**Data below:**

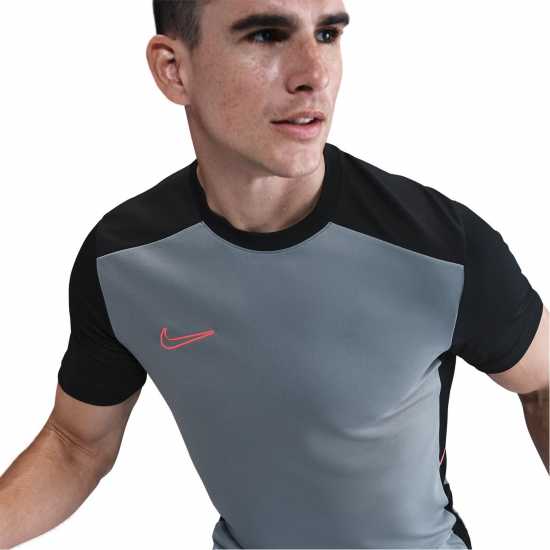 Nike Мъжка Риза Academy Shirt Mens Grey/Black Мъжки тениски и фланелки
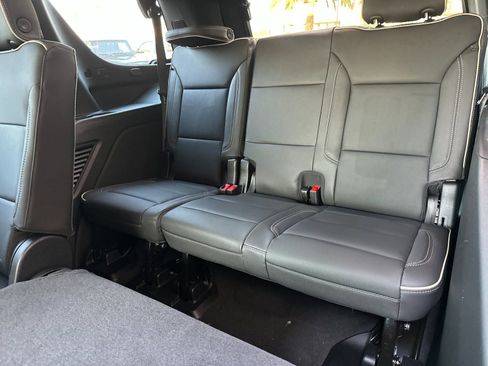 New 2026 GMC Yukon Elevation AWD/4WD image 15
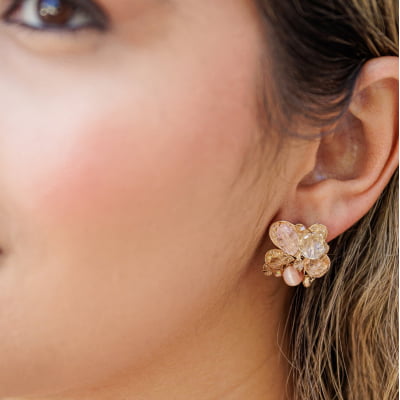 Brinco bordado a mão com cristais em tons de rosa e folheado em ouro 18k 202230000000077 Brinco bordado a mão com cristais em tons de rosa e folheado em ouro 18k 202230000000077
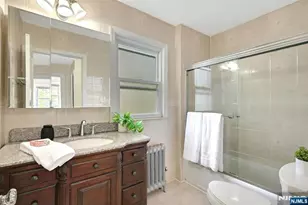 501 Cumberland Ave, Teaneck Township, NJ 07666 - Photo 19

**Exercise details:** Where the material above includes pictures, omit them and retype everything else exactly.

**Answer to this problem:**
 Nike Мъжка Риза Academy Shirt Mens Grey/Black Мъжки тениски и фланелки
 New 2026 GMC Yukon Elevation AWD/4WD image 15
 Brinco bordado a mão com cristais em tons de rosa e folheado em ouro 18k 202230000000077 Brinco bordado a mão com cristais em tons de rosa e folheado em ouro 18k 202230000000077
 501 Cumberland Ave, Teaneck Township, NJ 07666 - Photo 19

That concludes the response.